Pesticides: une proposition de loi créant un fonds d’indemnisation | Re Re Cap | Scoop.it

Sénat : une proposition de loi créant un fonds d’indemnisation pour les victimes des pesticides

 

Sur la proposition de Madame Bonnefoy, le Sénat vient d’adopter une proposition de loi créant un fonds d’indemnisation pour les victimes des pesticides, que les maladies soient contractées ou non à l’occasion d’un exercice professionnel. Le Sénat présente cette mesure comme une mesure de justice sociale qui est due au monde agricole.

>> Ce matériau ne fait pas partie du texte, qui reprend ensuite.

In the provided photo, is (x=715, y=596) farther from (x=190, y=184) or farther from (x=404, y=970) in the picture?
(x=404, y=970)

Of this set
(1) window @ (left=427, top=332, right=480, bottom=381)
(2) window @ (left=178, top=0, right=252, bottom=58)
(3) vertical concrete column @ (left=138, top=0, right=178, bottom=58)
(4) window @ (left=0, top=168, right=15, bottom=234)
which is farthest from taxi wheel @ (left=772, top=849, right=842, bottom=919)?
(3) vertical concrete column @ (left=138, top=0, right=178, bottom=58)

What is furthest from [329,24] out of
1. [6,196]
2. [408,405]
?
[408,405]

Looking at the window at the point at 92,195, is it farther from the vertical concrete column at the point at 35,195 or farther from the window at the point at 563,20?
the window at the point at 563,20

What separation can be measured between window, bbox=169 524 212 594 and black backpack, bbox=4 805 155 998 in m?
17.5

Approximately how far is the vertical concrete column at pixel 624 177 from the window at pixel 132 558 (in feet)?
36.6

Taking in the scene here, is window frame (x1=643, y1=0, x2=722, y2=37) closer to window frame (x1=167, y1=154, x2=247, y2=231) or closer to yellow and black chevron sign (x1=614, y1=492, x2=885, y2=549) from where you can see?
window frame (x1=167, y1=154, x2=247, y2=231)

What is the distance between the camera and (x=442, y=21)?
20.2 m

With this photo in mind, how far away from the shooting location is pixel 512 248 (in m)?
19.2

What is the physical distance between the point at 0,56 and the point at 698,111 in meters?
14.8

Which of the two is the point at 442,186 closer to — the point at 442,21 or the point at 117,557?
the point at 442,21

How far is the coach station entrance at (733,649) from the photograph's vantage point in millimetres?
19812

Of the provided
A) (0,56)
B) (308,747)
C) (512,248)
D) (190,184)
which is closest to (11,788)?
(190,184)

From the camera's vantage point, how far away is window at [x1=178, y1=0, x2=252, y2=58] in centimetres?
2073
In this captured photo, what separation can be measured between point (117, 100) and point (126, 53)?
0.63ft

Certes, on peut se réjouir que les victimes des pesticides puissent être indemnisées si tant est que les drames sanitaires liés à l’utilisation des pesticides puissent être réparés par une allocation financière.

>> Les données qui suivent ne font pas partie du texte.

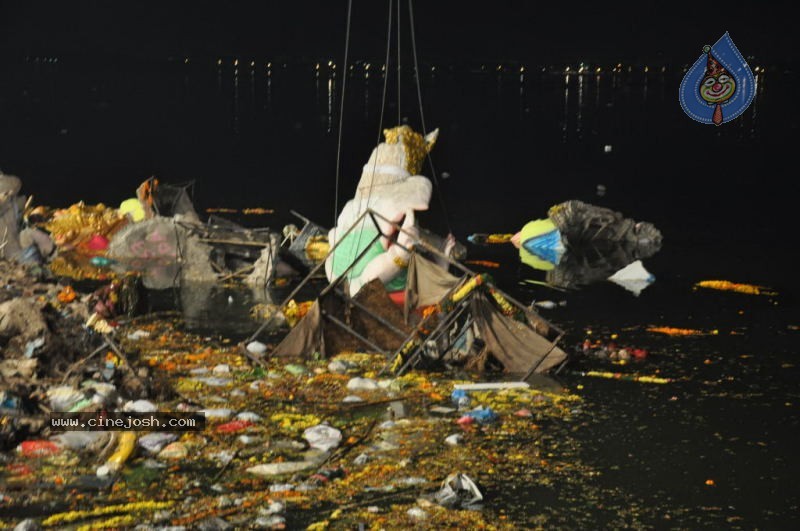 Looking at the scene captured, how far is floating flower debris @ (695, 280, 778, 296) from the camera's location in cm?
1333

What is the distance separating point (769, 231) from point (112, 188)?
40.6 feet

Mais, un tel fonds d’indemnisation ne s’attaque évidemment pas au problème principal qui est celui de l’interdiction de l’utilisation de pesticides dont la toxicité est de plus en plus évidente. Au contraire, dans une certaine mesure, on peut considérer qu’un tel fonds d’indemnisation risque de contribuer au maintien de l’usage de ces produits dangereux puisque les victimes potentielles seront indemnisées. Et c’est en cela que ce fonds est problématique puisqu’il ne s’accompagne en réalité pas d’une interdiction des produits les plus dangereux. Certes le projet de plan publié le 19 janvier pour réduire la dépendance l’agriculture aux produits phytopharmaceutiques prévoit-il de s’opposer au renouvellement d’autorisation des produits les plus préoccupants. Mais en attendant, le glyphosate a été renouvelé pour cinq ans et aucune interdiction n’a été édictée. On est donc dans une situation très différente de celle du fonds d’indemnisation des victimes de l’amiante créé alors que la loi avait proscrit toute utilisation de l’amiante et que par voie de conséquence il ne s’agissait que de réparer le passé. De surcroît, on observera que à ce jour, aucun responsable du drame de l’amiante qui tue 3000 personnes par an et coûte une fortune, n’a fait l’objet d’une condamnation. Bien au contraire, alors que le conseil d’État a jugé que l’État avait commis une faute lourde à partir de 1977 en laissant utiliser un produit finalement interdit qu’en 1996, la procédure pénale semble devoir se terminer par un non-lieu général !

 

Dès lors, créer aujourd’hui un fonds d’indemnisation pour les victimes de pesticides non professionnels est une première étape vers une déresponsabilisation de tous ceux qui, en toute connaissance de cause, ont mis sur le marché, autorisé, voire utilisé des produits dont la toxicité est de mieux en mieux établie. De plus, s’il est normal que ce fonds d’indemnisation ne soit pas supporté par le contribuable mais qu’il le soit par les fabricants, il est difficile de ne pas voir là une forme de reconnaissance d’un droit à polluer et à nuire qu’il ne peut évidemment pas être. En définitive, pour être vertueux, un tel fonds ne devrait être créé que pour autant qu’un plan de sortie des phytosanitaires avec interdiction immédiate à très court terme des produits les plus controversées dont le Roundup soit adopté, et que la loi précise de la manière la plus évidente qu’un tel fonds est sans incidence sur les responsabilités éventuelles des uns et des autres dans la pollution chimique majeure à laquelle nous sommes tous directement ou indirectement confrontés.